Simon held an endless passion for teaching and supporting both the college and University, said longtime friend Dede Lingle Ittner, who graduated from SIUC in 1961, and is a member of the SIU Alumni Association Executive Committee. In many ways, Simon was a teacher for the entire 95 years of her life, said Ittner, who recorded Simon’s oral history five years ago.
Ittner thinks of Simon as an “intergenerational woman.”
“She shared her keen awareness of and respect for the people, tradition and events of the past. She spoke of learning from the past often,” Ittner said. “She embraced the present each day -- each new concept, challenges and new ideas -- with an amazing passion and tenaciousness.”
Ittner said when discussing the future of SIUC and “our role in the lives of students of all ages,” Simon “emphatically stated her belief that through education, especially reading, the future of every child and adult could and should be improved and enriched.”
Simon taught in SIUC’s English department from 1959 until her retirement 1973. But she maintained her tremendous interest in local children and with reading programs in local schools, in addition to her numerous activities both on campus and within the community.
“Community service was a very important part of her life,” said Paul D. Sarvela, SIU’s vice president for academic affairs and former CASA dean. Simon was always happy when CASA students participated in community service projects, he said.
“She was a wonderful ambassador of the program and always looked out for the best interests of our students and faculty,” he said.
In October, Simon was one of four recipients of the 2010 Inspiring Women of Achievement award. Other honors included the SIU Alumni Association Outstanding Alumni Award; being named an Illinois Woman of Achievement by the State of Illinois as well as citizen of the year by the Carbondale Chamber of Commerce in 1997.
Elaine M. Vitello, the dean of CASA from July 1990 until her retirement in September 2002, said Simon was an integral part of the college’s fabric. Simon was always present for CASA-related events, and committed to the college’s success. Simon was instrumental in discussions about the new Transportation Education Center, which will house the University’s automotive and aviation programs at Southern Illinois Airport.
“She understood the college in terms of its purpose and mission,” Vitello said. “She believed in the students and the faculty. She was so supportive in many different ways.”
Part of the support included establishing the E.J. and Mary C. Simon Distinguished Faculty Award, which acknowledge career achievement of faculty in the area of teaching and service to CASA students. In May 2003, the University unveiled the Ernest J. and Mary C. Simon Terrace, a monument to CASA’s 50th anniversary and the couple. The 25-foot diameter terrace is south of the CASA building overlooking Campus Lake.

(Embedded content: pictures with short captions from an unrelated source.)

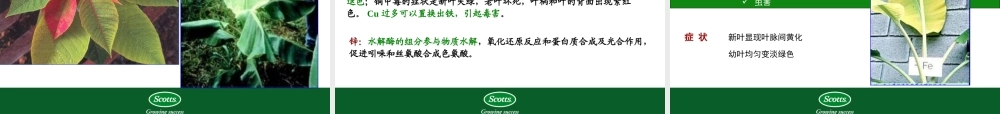 植物营养知识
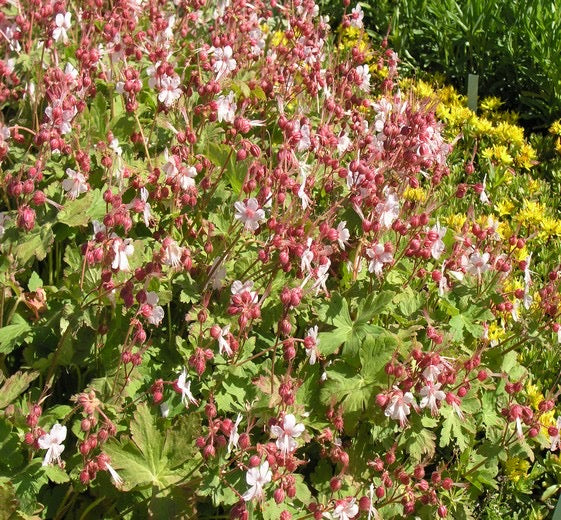 Geranium macrorrhizum ‘Spessart’P11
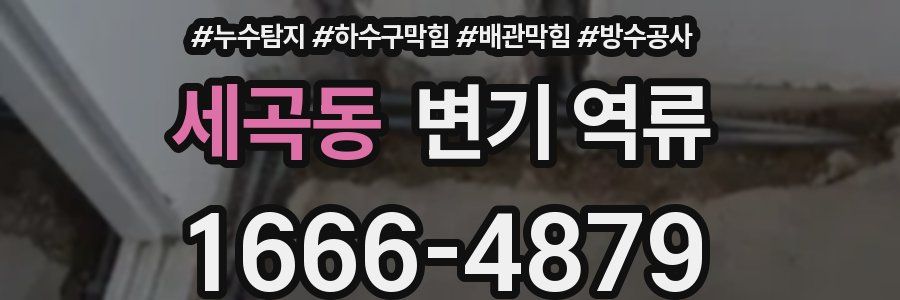 세곡동 변기 역류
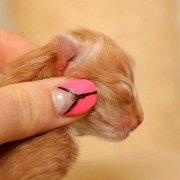 Valinor, 1 day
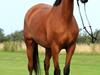 Dansk Varmblod Møgelmosegård´s Rositta [Tidl. hest]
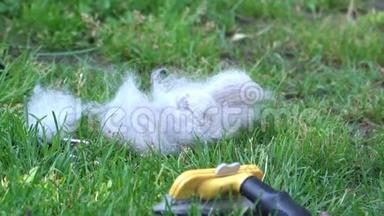 灰狗毛躺在抓痕旁边的草地上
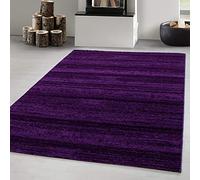 Carpetsale24 Tapis Salon Moderne Tapis Chambre Lilas-1 240 x 340 cm - Tapis à Poils Courts, a Poil Ras, Unicolor - Monochrome Doux et Moelleux - Tapis Cuisine Moquette Salle de Sejour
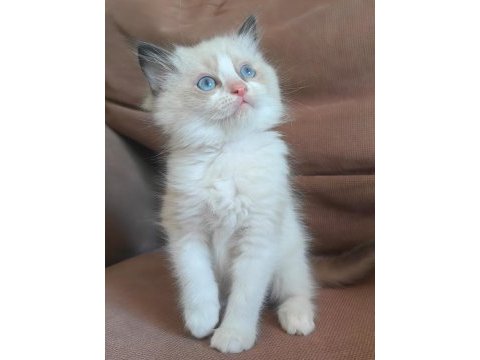 Secereli ragdoll kedisi yavrular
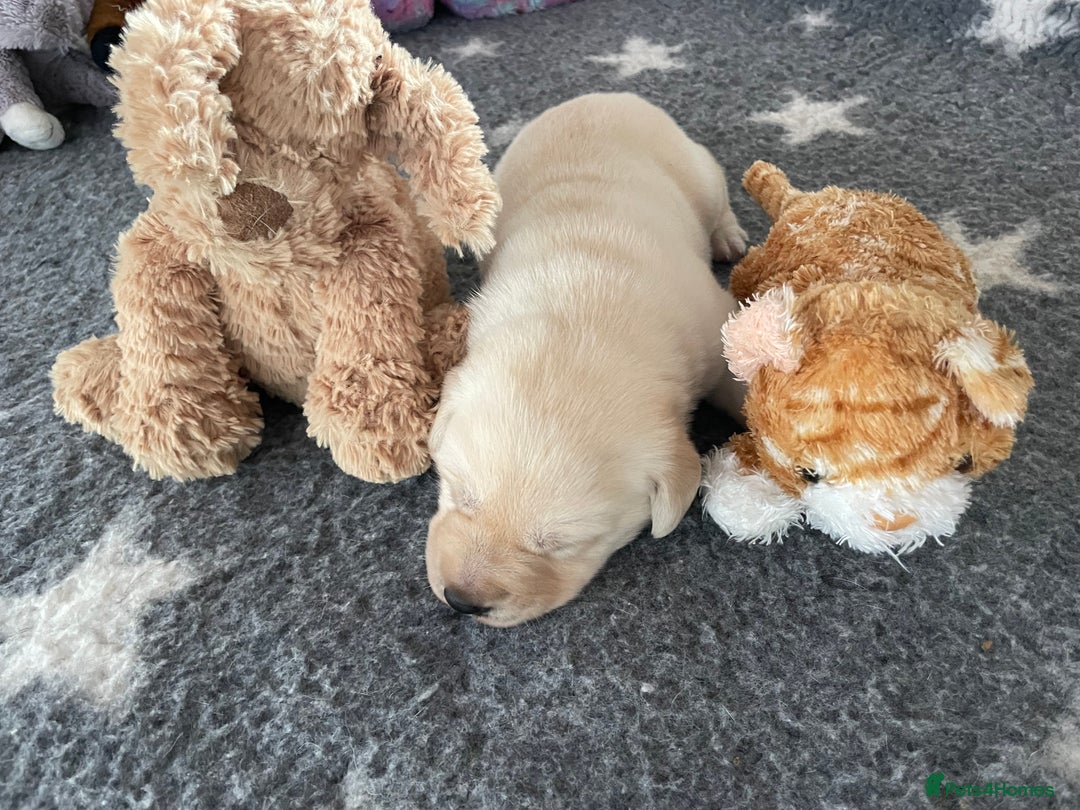 Labrador Retriever dogs for sale: Fabulous KC registered labradors - Image 27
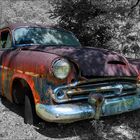 Rusty Dodge CK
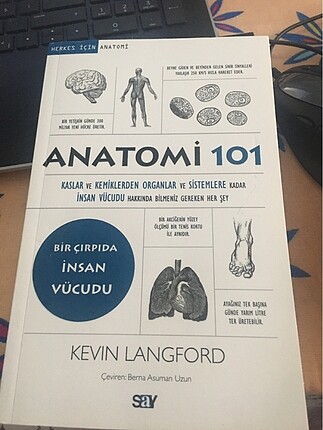 Anatomi 101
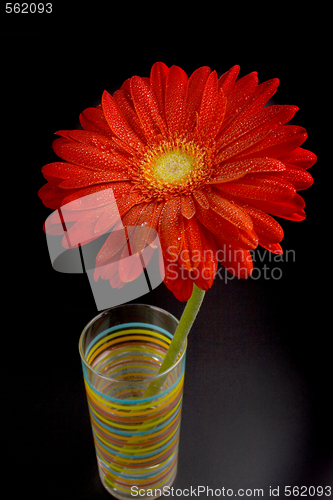 Image of red gerbera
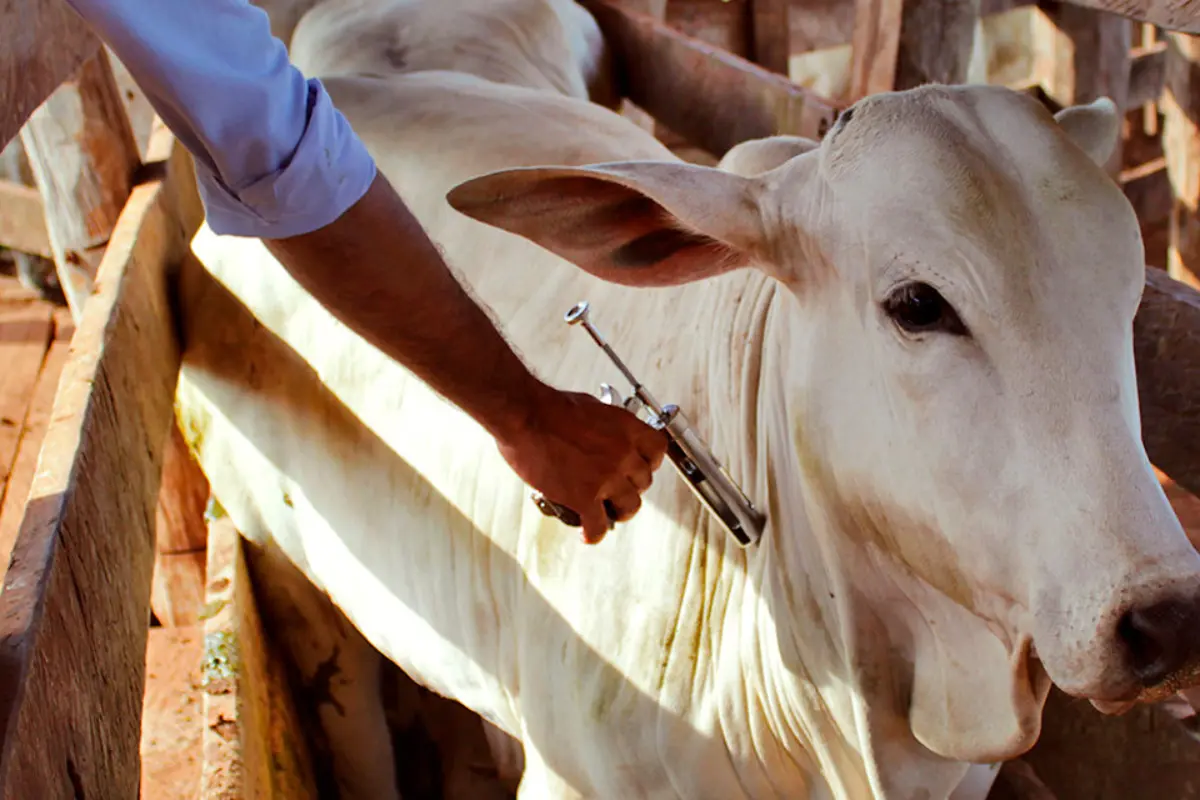Goiás registra 17 casos de raiva em animais de produção no primeiro semestre de 2026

In addition to her husband, a son, Robert P. Simon, a sister, Dorothy Curd, and her parents preceded Simon in death. A son, James E. Simon of Champaign, three grandchildren, five great-grandchildren, and two great-great-grandchildren survive.
Memorials may be made to the Ernest J. and Mary C. Simon Endowment Fund at the SIU Foundation, 1235 Douglas Drive, Colyer Hall, mail code 6805, Carbondale, IL, 62901, or the First Presbyterian Church of Carbondale.